Tavoletta SipparModifica
Parzialmente sovrapponibile alla versione standard babilonese tavolette IX-X.Gilgamesh piange la morte di Enkidu che vaga nella sua ricerca dell’immortalità. Gilgamesh discute con Shamash sull’inutilità della sua ricerca. Dopo una lacuna, Gilgamesh parla a Siduri della sua ricerca e del suo viaggio per incontrare Utnapishtim (qui chiamato Uta-na’ishtim). Siduri cerca di dissuadere Gilgamesh nella sua ricerca dell’immortalità, esortandolo ad accontentarsi dei semplici piaceri della vita. Dopo un’altra lacuna, Gilgamesh rompe le “pietre” e parla con il traghettatore Urshanabi (qui chiamato Sur-sunabu). Dopo una breve discussione, Sur-sunabu gli chiede di scolpire 300 remi in modo che possano attraversare le acque della morte senza bisogno delle “pietre”. Il resto della tavoletta manca.
Il testo sul frammento Meissner dell’Antica Babilonia (il più grande frammento sopravvissuto della tavoletta di Sippar) è stato usato per ricostruire possibili forme precedenti dell’Epopea di Gilgamesh, ed è stato suggerito che una “forma precedente della storia – prima ancora di quella conservata sul frammento dell’Antica Babilonia – potrebbe essere finita con Siduri che rimanda Gilgamesh a Uruk….” e “Utnapistim non faceva originariamente parte del racconto.”
Poesie sumereModifica
Ci sono cinque storie di Gilgamesh esistenti sotto forma di poemi più antichi in sumerico. Questi probabilmente circolavano indipendentemente, piuttosto che essere nella forma di un’epopea unificata. Alcuni dei nomi dei personaggi principali di questi poemi differiscono leggermente dai successivi nomi accadici; per esempio, “Bilgamesh” è scritto al posto di “Gilgamesh”, e ci sono alcune differenze nelle storie sottostanti, come il fatto che Enkidu è il servo di Gilgamesh nella versione sumerica:
- Il signore della montagna del Vivente e Ho, hurrah! corrispondono all’episodio della Foresta dei Cedri (versione standard babilonese tavole II-V). Gilgamesh ed Enkidu viaggiano con altri uomini verso la Foresta dei Cedri. Lì, intrappolato da Huwawa, Gilgamesh lo inganna (con l’aiuto di Enkidu in una delle versioni) per fargli rinunciare alle sue aure, perdendo così il suo potere.

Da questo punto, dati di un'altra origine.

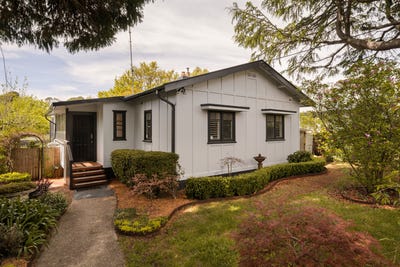 /international/au/15-mort-street-katoomba-nsw-152489980/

- Eroe in battaglia corrisponde all’episodio del Toro del Cielo (Tavola VI della versione standard babilonese) nella versione accadica. L’appetito vorace del toro causa siccità e difficoltà nella terra mentre Gilgamesh banchetta. Lugalbanda lo convince ad affrontare la bestia e la combatte a fianco di Enkidu.

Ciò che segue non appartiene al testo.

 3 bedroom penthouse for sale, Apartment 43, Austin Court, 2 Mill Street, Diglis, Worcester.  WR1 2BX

- Gli inviati di Akka non ha un episodio corrispondente nell’epica, ma i temi della misericordia da mostrare ai prigionieri e i consigli degli anziani della città si presentano anche nella versione standard babilonese della storia di Humbaba. Nel poema, Uruk affronta un assedio da un esercito Kish guidato dal re Akka, che Gilgamesh sconfigge e perdona.

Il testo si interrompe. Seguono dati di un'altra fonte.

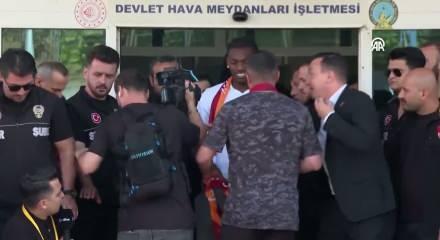 Rafael Leao Galatasaray tarihine ge&ccedil;ti: 7. Portekizli oldu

- In quei giorni, in quei giorni lontani, altrimenti noti come Gilgamesh, Enkidu e l’Oltretomba, è la fonte della traduzione accadica inclusa come tavola XII nella versione standard babilonese, che racconta del viaggio di Enkidu nell’Oltretomba. È anche la principale fonte di informazioni per il mito della creazione sumerica e la storia di “Inanna e l’albero di Huluppu”.
- Il grande toro selvaggio è disteso, un poema sulla morte, la sepoltura e la consacrazione di Gilgamesh come semidio, che regna e giudica sui morti. Dopo aver sognato come gli dei decidono il suo destino dopo la morte, Gilgamesh si consiglia, prepara il suo funerale e offre doni agli dei. Una volta deceduto, viene sepolto sotto l’Eufrate, portato fuori dal suo corso e poi restituito ad esso.
TraduzioniModifica
La prima traduzione araba diretta dalle tavolette originali fu pubblicata negli anni ’60 dall’archeologo iracheno Taha Baqir.
La traduzione moderna definitiva è un lavoro critico in due volumi di Andrew George, pubblicato dalla Oxford University Press nel 2003. Una recensione del libro della studiosa di Cambridge Eleanor Robson afferma che quello di George è il lavoro critico più significativo su Gilgamesh degli ultimi 70 anni. George discute lo stato del materiale sopravvissuto e fornisce un’esegesi tavoletta per tavoletta, con una doppia traduzione affiancata.